Музыканты, впрочем, иногда старались, особенно безукоризненные деревянные духовые. Но всё же piano было просто piano, а forte — просто forte (и никогда — fortissimo). Дирижёр может и знает стиль Вагнера, но обогатить и заразить им музыкантов лучшего оперного оркестра нашей страны (это я пишу без иронии) и направить их творческие способности в правильное русло он не смог.
Серьёзные технические претензии у меня возникли разве что к медной группе. Первая же до-мажорная «лейт-фанфара» прозвучала не вместе, один из инструментов отстал примерно на восьмую долю, но больше трубачи, расположенные на сцене, таких промахов себе не позволяли.
В интерлюдиях второго и третьего актов короткие длительности медных в оркестре тоже звучали не собранно, хотя и чересчур уверенно. Но нескладные трели оркестровых фанфар удивительным образом «отражались» в идеально ровном эхо, идущим из-за кулис. Видимо, там, за сценой, дирижёра видно лучше, чем из ямы.
И совсем уж огорчили скрипки. Самые первые, неприлично знаменитые ноты Вступления, где никуда невозможно спрятаться, преисполнились интонационной грязью и разъехались во времени. Уши до сих пор отказываются верить в то, что они это слышали.
Даже несмотря на чрезвычайно сдержанный тон, проблески выразительности в оркестре мелькали, а вот о хоре такого сказать, к сожалению, нельзя: почти вся опера исполнялась одним звуком и даже на одной динамике. Значение пропетых слов, кажется, осталось для хористов бессмысленной загадкой, вовсе не требующей раскрытия.
Давно отметил, что иногда забавно бывает наблюдать за произношением неофитов в немецком языке. Узнав о придыхании, они его стараются изображать изо всех сил, создавая впечатление, что в зал летит град плевков.
Может, музыканты просто перенервничали из-за новостей? Как бы кто ни относился к происходящему, 24 февраля однозначно войдёт в историю, а премьера в этот день — не лишённое лёгкой усмешки (сотрудничество с главным американским театром, всё-таки!) стечение обстоятельств. Или же я просто слишком много ожидал после «Саломеи», а никакой театр не обязан соответствовать ожиданиям отдельно взятого зрителя, поэтому зря я тут ругаюсь.
Короче, Вагнера, на мой взгляд, не случилось. Однако, что любопытно, публика пребывала в восхищении: ей же кажется, что если на сцене ничего не происходит, то это хорошо. Вот я и думаю, а может правда, хорошо? Ну его, этот цивилизованный мир со всякими Метрополитен-операми? Да и Вагнер нам зачем, мы же с немцами воевали! Лебеди у нас и свои есть, с озера, на любой вкус: чёрные и белые.

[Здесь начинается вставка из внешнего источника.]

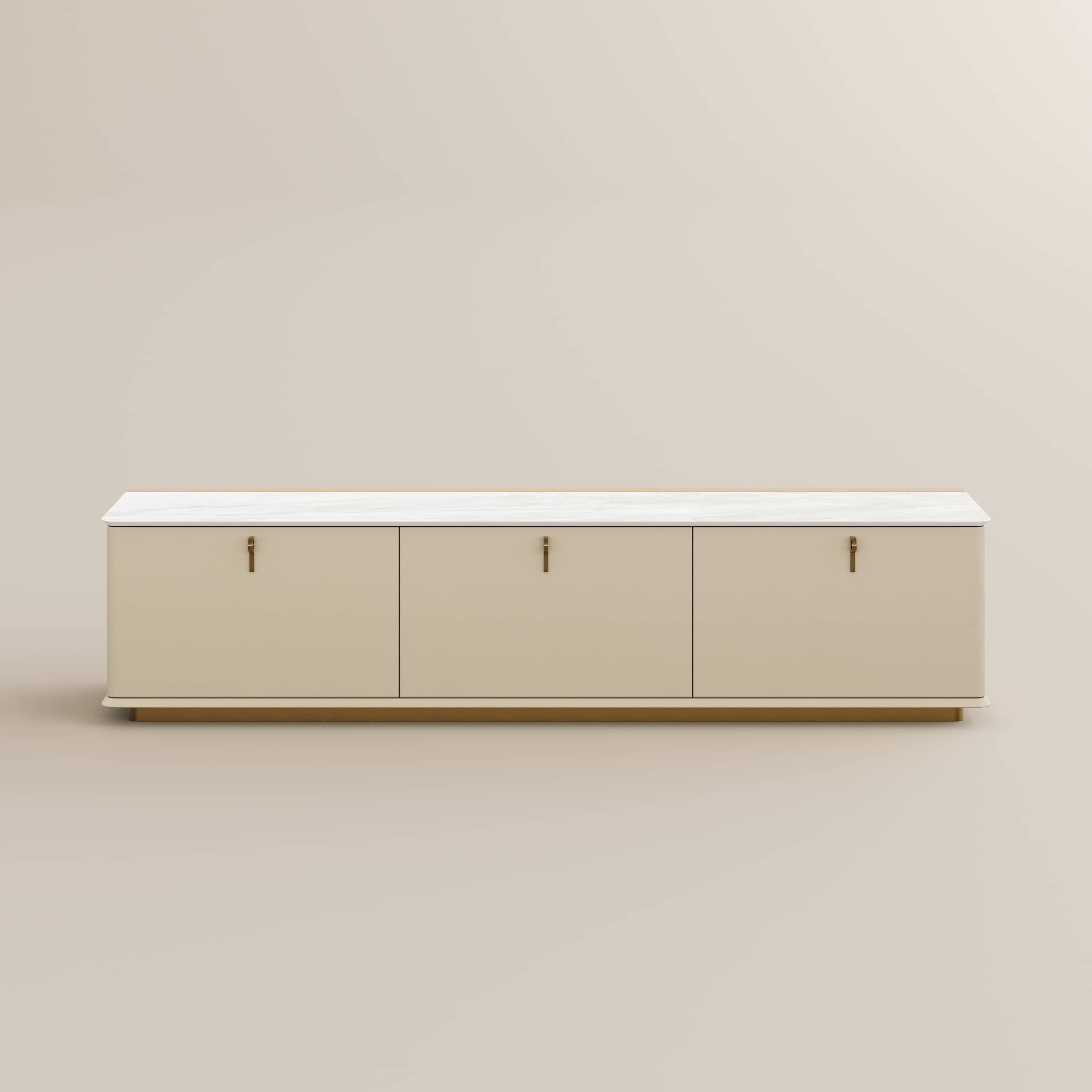 Rectangular Beige Plywood & Marble TV Stands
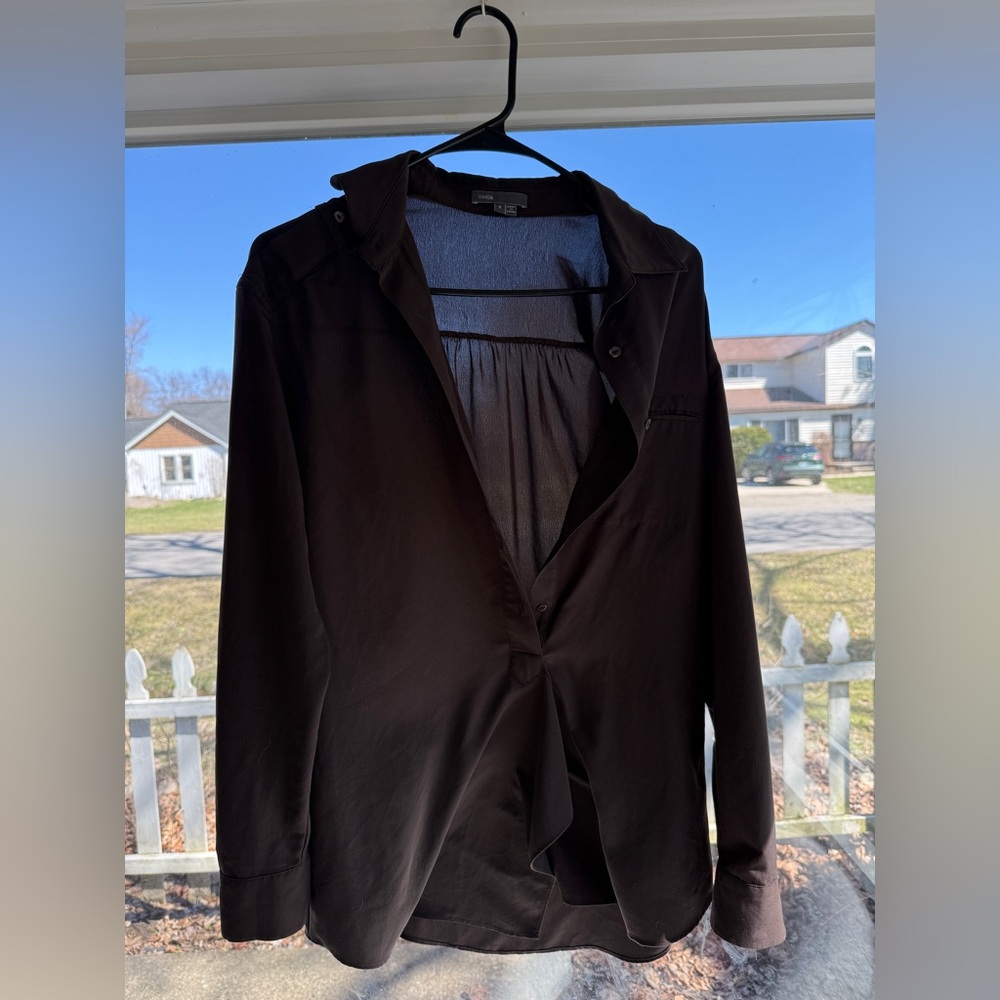 Vince Chocolate Brown Long Sleeve Button-Front Blouse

Пусть театр тряпочного «Бориса Годунова» образца 1948 года на каждый день ставит в афишу, да «Щелкунчика» под Новый год, все будут рады. Особенно школьники, которых экзальтированные «училки» из музыкалок сгонят наблюдать за предсмертными судорогами безумного царя-убийцы в целях воспитания патриотических чувств.
Картинка же соответствует иллюстрациям из учебника истории, следовательно, это красиво и достоверно. Певцы поют громко, значит они молодцы. Все довольны. Что ещё надо для того, чтобы почувствовать себя «культурным»?